# EXERCISE
What you return should be the complete listing, unchanged, with no pictures in it.

# SOURCE MATERIAL
——————————

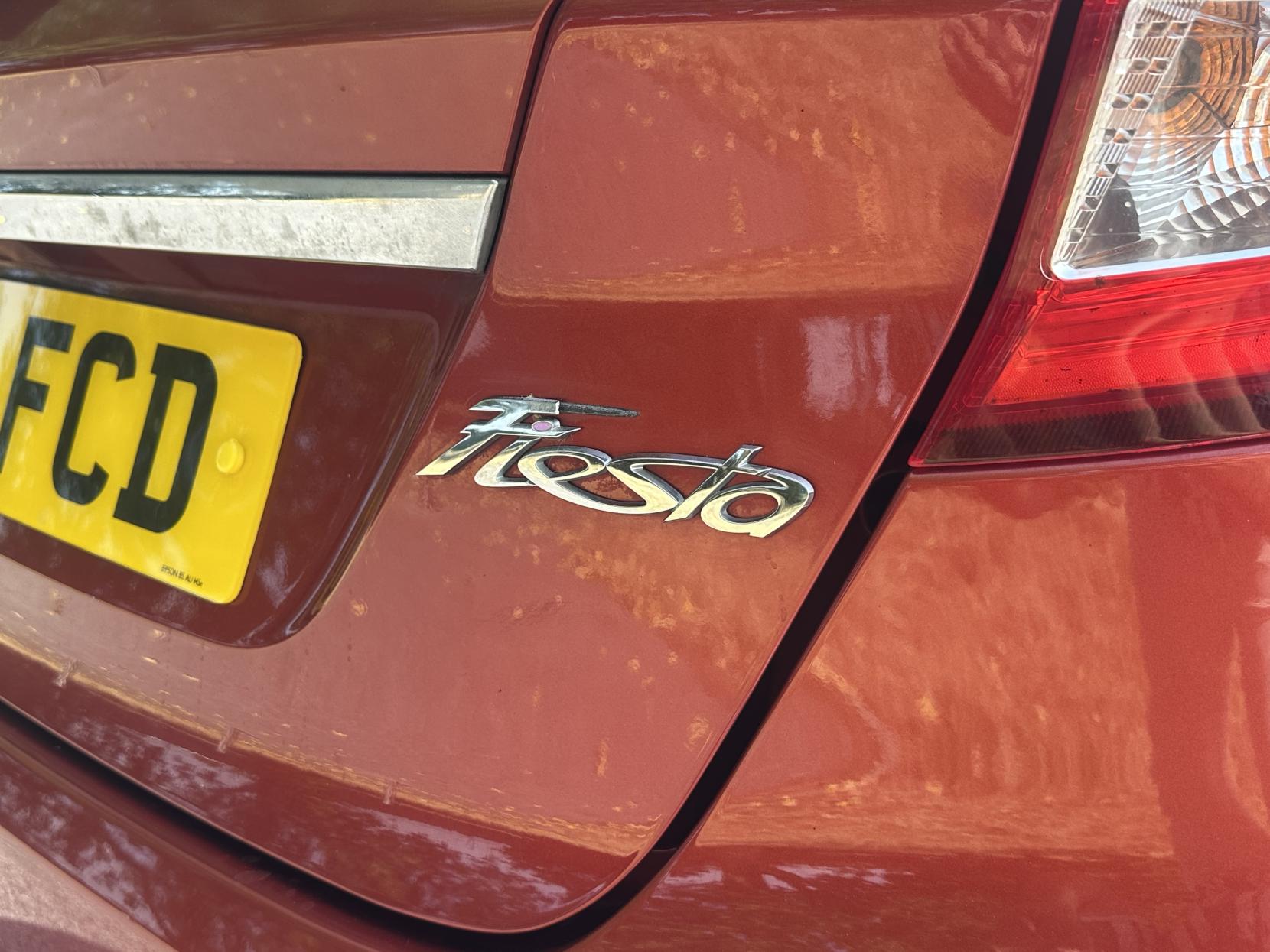 Ford Fiesta 1.4 Titanium Hatchback 5dr Petrol Manual (133 g/km, 94 bhp)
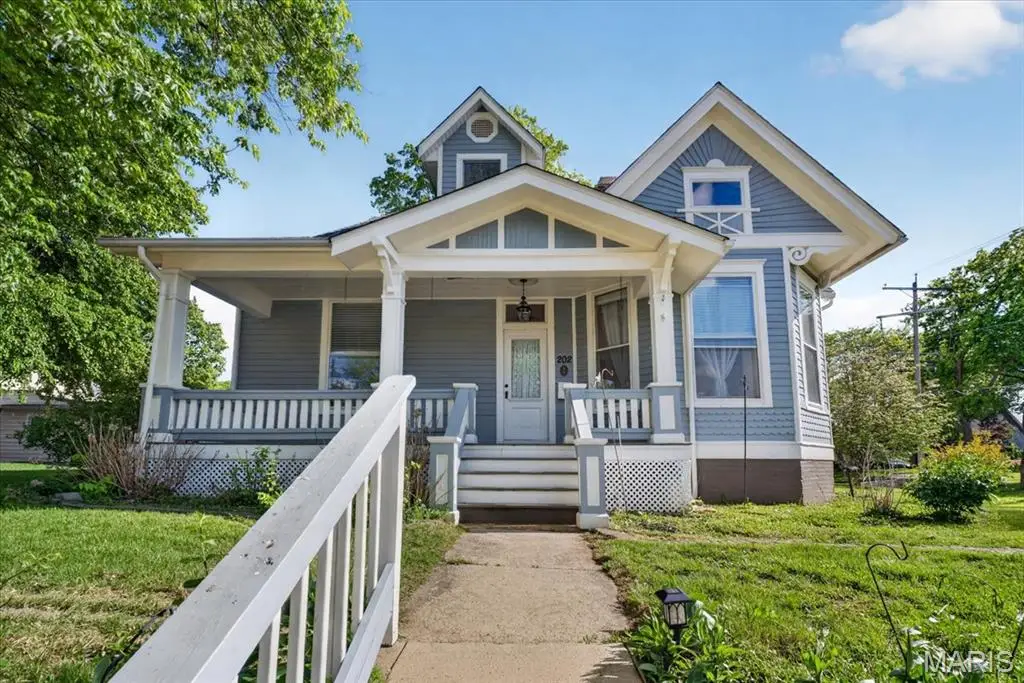 202 E E Street, Belleville, IL 62220 - #1
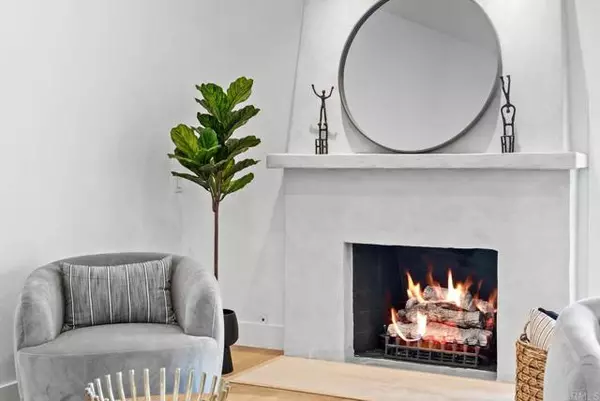 San Diego, CA 92128,17544 Plaza Otonal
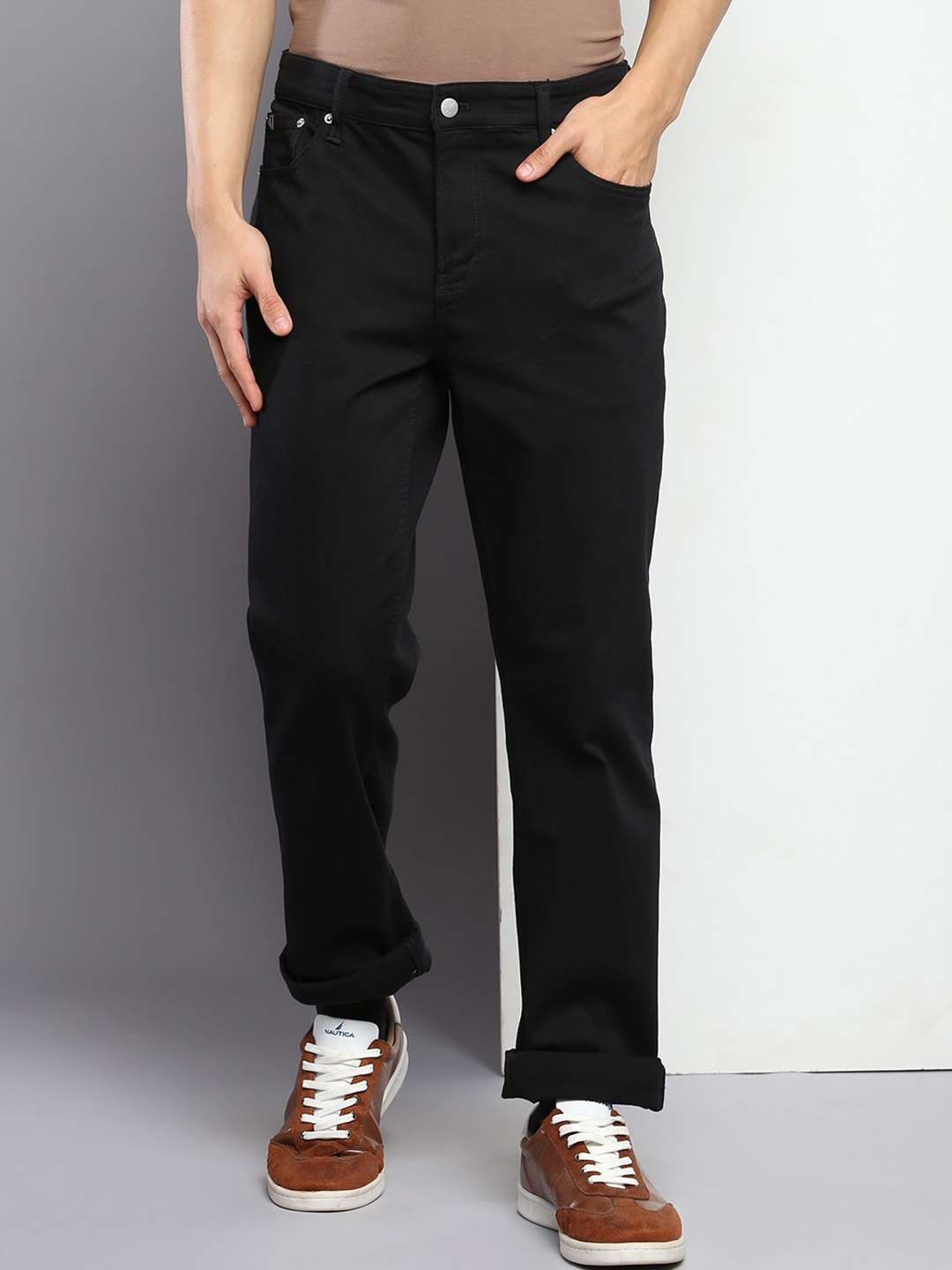 

Calvin Klein Jeans Men Mid-Rise Straight Fit Jeans, Black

——————————

# ANSWER TO THE EXERCISE
 Ford Fiesta 1.4 Titanium Hatchback 5dr Petrol Manual (133 g/km, 94 bhp)
 202 E E Street, Belleville, IL 62220 - #1
 San Diego, CA 92128,17544 Plaza Otonal

Calvin Klein Jeans Men Mid-Rise Straight Fit Jeans, Black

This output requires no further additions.